# Choice of electric motors



## Shoota (May 8, 2011)

Guys,

Motor for the yak,

Looking at 2 choices and taking budget into consideration.

I'm looking at a mix of salt and fresh water use, with salt water being the majority of my use for an electric motor.

Question: For use in Saltwater and taking budget and reliability into consideration.

Is it better to buy a saltwater Water Snake or a Mini Kota freshwater model. I've read the Water snake is salt water proof but doesn't have the quality of the mini Kota, yet the Mini Kota is reliable but have read you could get away with using a freshwater version in salt, if you clean thoroughly 
and add a sacrificial anode.

I don't have the money for the Mini Kota Riptide , and was told by a staff member at BCF I could get away with using a Mini Kota freshwater in salt with care and understand there is a warranty issue.

Finally how is it I have NOT been able to find Riptide models at 30lbs thrust or less, am I not looking in the right place online.

Any feedback would be a huge help

Cheers

Shoota


----------



## TRAVELLER (Sep 13, 2010)

SOME INFORMATION

Personally fresh water would be fine its made well and the only real difference is the sacrificial anode.

55000	Transom Motors	Venom ETW34 Transom	34lb	12v	36"	32	Extended Tiller	5 Fwd / 2 Rev $201 - $400 Compleat Angle

55006	Transom Motors	Tracer FWT30 Transom	30lb	12v	30"	30	Fixed Tiller	5 Fwd / 2 Rev $201 - $400 Compleat Angler

55029	Transom Motors	Watersnake Venom ETW34 Inflat. Motor	34lb	12V	26"	-	Extendable Hand Tiller	5/2 $201 - $400 Compleat Angler, Pro Stores, Tackle World

55042	Transom Motors	ASP T18-FW Transom 18lb	12v	24"	15	Fixed Tiller	Hi-Lo $101 - $200 Compleat Angler

55043	Transom Motors	ASP T18-SW Transom 18lb	12v	24"	15	Fixed Tiller	Hi-Lo $101 - $200 Compleat Angle

55199	Transom Motors	ASP T24-SW Transom 24lb	12V	24"	-	Stow-away hand tiller	2/2 $101 - $200 Compleat Angler, Pro Stores, Tackle World


----------



## Shoota (May 8, 2011)

Thanks Traveller,

Very informative post and will take notice of your information.
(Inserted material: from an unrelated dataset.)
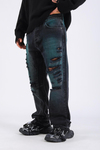 Baggy Torn Jeans - Black P1104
I wonder if anybody has ever fitted a jet engine to a yak.

Cheers

Shoota


----------



## crag (Nov 8, 2010)

shoota,Ive had a freshwater min kota for the last 20 years on my canoes/kayaks probably spent a third of its life in salt or brackish, always flush with fresh water after use and never had an issue.Having said that Ive just bought a salt water ,bowmount watersnake for my tinny purely on price.I could buy two and a half watersnakes for the price of similar min kota.I thought if it craps itself just out of warranty as things tend to do then Id just buy another one as it wont be getting a flogging every day.The only thing Ive heard of in the way of problems with the snakes is the locking catch so I just take abit of care puting it up and down and hopefully all will be ok.hope thats of some use.cheeers craig.


----------